Policymakers and legislators are becoming more aware of this problem. The New York State Senate has sought to halt Bitcoin mining for three years until its climate impact is assessed. But as Bitcoin deliberately has no central governance, any local bans on mining will simply push the work elsewhere.
There have been arguments including, until recently, from people such as Jack Dorsey and Elon Musk that Bitcoin can use surplus energy from renewables and thereby incentivise renewable energy development and distribution, but this thinking is flawed. There is actually a lot of demand for this otherwise unused energy, for the generation of green hydrogen or recharging of the growing electric vehicle fleets, and smarter grids make it easier to avoid allowing any generated energy going to waste.
There is also an inherent risk to Bitcoin itself. With so much mining power centralized in a single jurisdiction, this exposes the global network and its users to a large degree of political risk – which is ironic as Bitcoin was designed explicitly as a decentralized digital currency with no one group or jurisdiction in control.

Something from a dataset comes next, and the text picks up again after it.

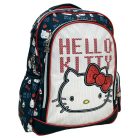 Hello Kitty Heart iskolatáska, táska 46 cm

The Chinese Central Bank identified Bitcoin as a financial risk and started putting pressure on local governments to encourage Bitcoin miners to quit. Furthermore, in October 2020, the People’s Bank of China published a bill to pave the way for the digital yuan while at the same time putting in place a ban on crypto issuance and trading for other coins.
New climate targets from China’s 14th Five Year Plan aim to create stronger controls over coal-fired power and high energy-consuming industries, which could impact Bitcoin’s mining through carbon taxes or site regulations to such a large extent that it would likely destabilize the entire global Bitcoin network.
Investors likely to shy away
Bitcoin is increasingly at odds with the pressure to deliver sustainable, green economies. Not only will this give governments reasons to shut down Bitcoin mining but ethical consumers and investors are likely to shy away from using or investing in such a wasteful technology and it was arguably such pressure that led Elon Musk’s Tesla to step back from accepting Bitcoin.
Other cryptocurrencies such as Ether, which uses Ethereum as its blockchain, are explicitly planning to move away from proof-of-work to alternative validation approaches such as proof-of-stake, while any new cryptocurrencies are likely to emerge with climate concerns and efficiency at scale built into them from the start.
Although it goes against the rather anarchist origins of cryptocurrencies, institutions such as Wall Street are beginning to explore central bank digital currencies, and these could be more consumer-friendly and safer investments because of explicit government backing.
There is no doubt that cryptocurrencies and blockchains in one form or another are here to stay, even if Bitcoin and proof-of-work are not sustainable. But international cooperation around digital currencies and a coordinated policy response will become increasingly important, challenging the notion that digital currencies should be free from explicit governance and government regulation.